Image credit: Bruno Pambour WWF - Canon

A brief released Friday by Sedex Global and World Wildlife Fund (WWF) finds that the majority of environmental non-compliances in global supply chains originate from a lack of understanding of relevant laws and regulations, despite the fact that the majority of self-assessors believe they meet all relevant requirements. The brief concludes that although positive efforts are being made to manage and set targets around water risks, improved, more collaborative systems are needed to help suppliers ensure environmental legal requirements are met.

Published in the run up to World Water Day (March 22), the new Sedex WWF Water Risk Briefing, part of a series created by Sedex and partners to raise awareness of responsible sourcing issues, analyzed data from over 20,000 audits on the Sedex Global platform to reveal key insights into how water is managed throughout global supply chains. 
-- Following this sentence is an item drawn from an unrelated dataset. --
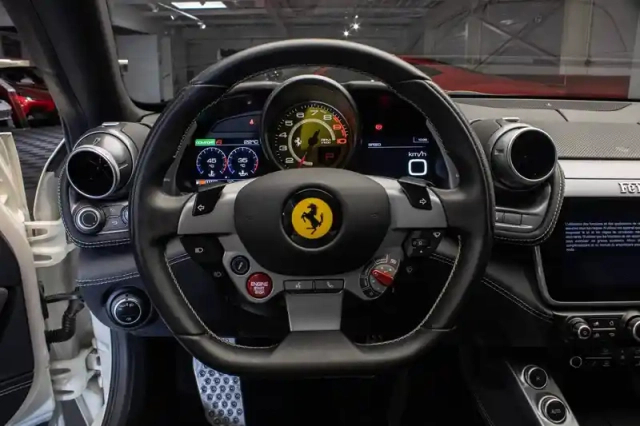 Ferrari Gtc4Lusso gtc4 lusso v12 6.0 690ch — photo 16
The briefing studies the partnership between Sedex members Marks & Spencer and Woolworths (South Africa) with WWF and the Alliance for Water Stewardship in South Africa’s Western Cape as an example of successful collaboration. The project worked with nine farmers in the stone fruit supply chain to help assess their water usage and identify opportunities for improvements, as well as bringing the farmers together with other catchment stakeholders to assess the wider catchment risks. The resulting water stewardship opportunities will invite other farmers, the municipality and urban residents to take part, further spreading awareness and encouraging collective action.

“We don’t expect all companies to be water conservation specialists. As this brief shows, the issues are much more complicated than people realize,” said Lindsay Bass, manager of US corporate water stewardship at World Wildlife Fund. “But that’s exactly why collaboration is essential. We all need to work together to facilitate new, innovative ways to responsibly manage and share water.”
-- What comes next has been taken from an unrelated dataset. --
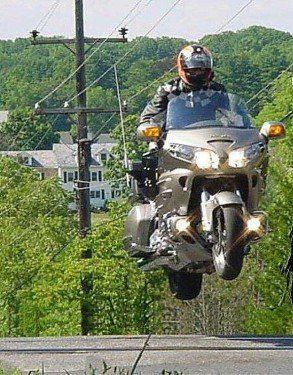 jump-goldwing.jpg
“Water-related supply chain risks can have a profound impact on companies by affecting profitability, brand value and even ability to operate,” commented Marianne Voss, report co-author at Sedex. “Good examples from Sedex’s global membership and beyond highlight how capacity building can aid suppliers’ understanding and further collaboration on a local, river basin level as well as on a bigger scale.”
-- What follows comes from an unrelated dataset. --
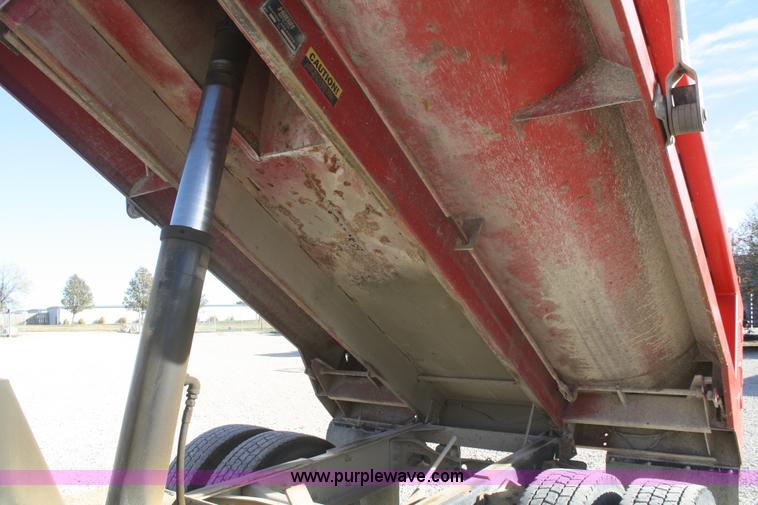 image for item D4718 2004 Ford F650 XL Super Duty dump truck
The Water Risk Briefing will be used to prompt discussion around the wider topic of resource scarcity at a panel discussion at the Sedex Global Responsible Sourcing Conference on March 25 in London.  

In November, CDP released its latest annual global water report, which found that 68 percent of businesses report exposure to water risk that could generate a substantive change in their business, operations or revenue. 22 percent of companies anticipate that issues around water could actually limit the growth of their business. Then in January, CDP assessed climate and water data disclosed by suppliers for its 2014-15 supply chain report, which determined that lack of preparation has left supply chains in Brazil, China, India and the US more vulnerable to climate risks than those in Europe and Japan, while suppliers in China and India deliver the greatest financial return on investment to reduce their greenhouse gas emissions and demonstrate the strongest appetite for collaboration across the value chain.